**TASK TO COMPLETE:**
Find, in the records below, the line that contains "John Lewis Global" and the line that contains "Art Prints Elements". Copy those two lines and everything between them exactly, but not the pictures.

**MATERIALS PROVIDED:**
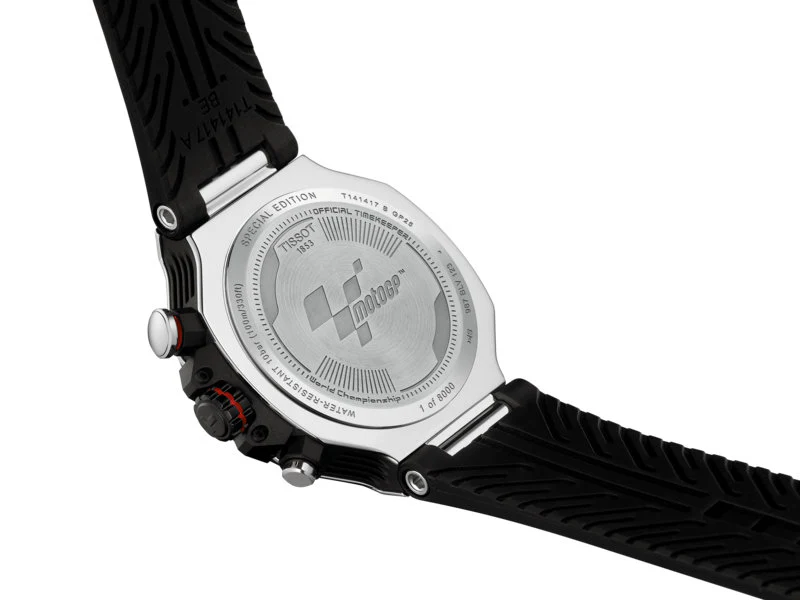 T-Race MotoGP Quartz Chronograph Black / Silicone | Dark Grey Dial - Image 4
--
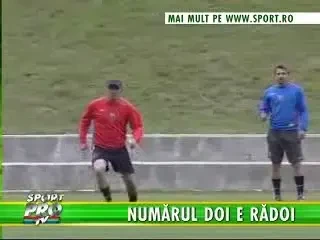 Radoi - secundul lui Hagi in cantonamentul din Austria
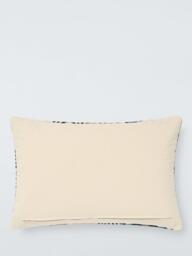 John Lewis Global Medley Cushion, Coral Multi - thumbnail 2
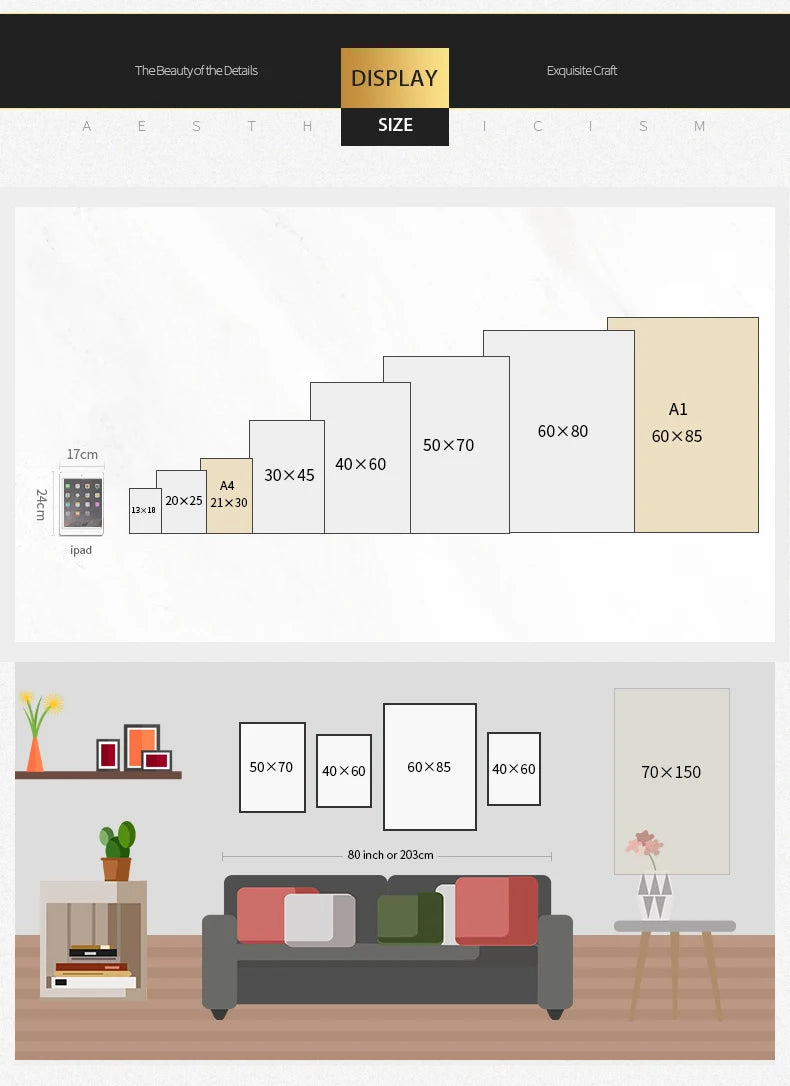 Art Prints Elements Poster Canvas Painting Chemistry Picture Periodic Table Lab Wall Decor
* * *
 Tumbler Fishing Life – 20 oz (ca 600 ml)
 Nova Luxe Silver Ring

**FINISHED TASK:**
 John Lewis Global Medley Cushion, Coral Multi - thumbnail 2
 Art Prints Elements Poster Canvas Painting Chemistry Picture Periodic Table Lab Wall Decor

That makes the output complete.